- MATERIAL PROVIDED:
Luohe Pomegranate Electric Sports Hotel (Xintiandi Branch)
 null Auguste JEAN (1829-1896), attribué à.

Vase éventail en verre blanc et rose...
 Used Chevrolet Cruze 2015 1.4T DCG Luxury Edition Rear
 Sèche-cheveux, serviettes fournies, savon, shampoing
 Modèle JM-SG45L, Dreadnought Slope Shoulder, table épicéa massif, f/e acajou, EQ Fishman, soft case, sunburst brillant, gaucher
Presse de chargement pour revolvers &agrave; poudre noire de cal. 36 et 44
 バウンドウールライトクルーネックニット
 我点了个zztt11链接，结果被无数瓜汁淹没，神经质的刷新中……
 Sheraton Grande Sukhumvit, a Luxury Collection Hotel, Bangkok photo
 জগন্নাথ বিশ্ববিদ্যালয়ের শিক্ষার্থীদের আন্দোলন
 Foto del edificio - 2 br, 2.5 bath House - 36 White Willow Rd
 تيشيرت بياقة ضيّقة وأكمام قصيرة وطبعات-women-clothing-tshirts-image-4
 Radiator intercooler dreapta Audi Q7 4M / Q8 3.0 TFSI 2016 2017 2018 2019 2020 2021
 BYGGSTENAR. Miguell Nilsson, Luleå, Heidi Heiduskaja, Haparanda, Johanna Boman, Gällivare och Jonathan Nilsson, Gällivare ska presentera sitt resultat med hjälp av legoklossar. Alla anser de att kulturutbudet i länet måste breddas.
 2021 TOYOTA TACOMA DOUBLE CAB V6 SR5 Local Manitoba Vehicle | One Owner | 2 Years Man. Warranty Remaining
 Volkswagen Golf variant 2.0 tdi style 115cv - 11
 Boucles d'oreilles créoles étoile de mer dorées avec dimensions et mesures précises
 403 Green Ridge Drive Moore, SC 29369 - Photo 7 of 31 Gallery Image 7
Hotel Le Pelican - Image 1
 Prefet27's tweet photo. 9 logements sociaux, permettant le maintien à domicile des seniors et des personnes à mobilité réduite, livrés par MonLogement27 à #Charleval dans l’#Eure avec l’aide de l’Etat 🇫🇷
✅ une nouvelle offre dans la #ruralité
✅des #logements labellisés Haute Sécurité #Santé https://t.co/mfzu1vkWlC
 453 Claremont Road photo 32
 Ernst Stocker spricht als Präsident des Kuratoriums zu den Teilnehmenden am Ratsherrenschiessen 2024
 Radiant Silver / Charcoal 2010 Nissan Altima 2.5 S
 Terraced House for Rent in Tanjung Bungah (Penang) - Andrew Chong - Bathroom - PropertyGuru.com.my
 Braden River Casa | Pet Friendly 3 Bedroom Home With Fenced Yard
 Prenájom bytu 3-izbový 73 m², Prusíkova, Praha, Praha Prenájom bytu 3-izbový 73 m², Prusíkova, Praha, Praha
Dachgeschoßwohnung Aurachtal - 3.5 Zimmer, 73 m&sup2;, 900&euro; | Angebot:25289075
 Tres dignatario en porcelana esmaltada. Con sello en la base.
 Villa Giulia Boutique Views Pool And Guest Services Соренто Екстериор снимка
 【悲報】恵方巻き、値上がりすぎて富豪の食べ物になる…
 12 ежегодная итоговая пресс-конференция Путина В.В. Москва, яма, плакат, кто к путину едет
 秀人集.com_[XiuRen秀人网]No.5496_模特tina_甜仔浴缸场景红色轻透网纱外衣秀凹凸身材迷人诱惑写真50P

- ABOUT THIS TASK: Check the data for the word "Luxury" and pull out the lines that have it.

- OUTPUT:
 Used Chevrolet Cruze 2015 1.4T DCG Luxury Edition Rear
 Sheraton Grande Sukhumvit, a Luxury Collection Hotel, Bangkok photo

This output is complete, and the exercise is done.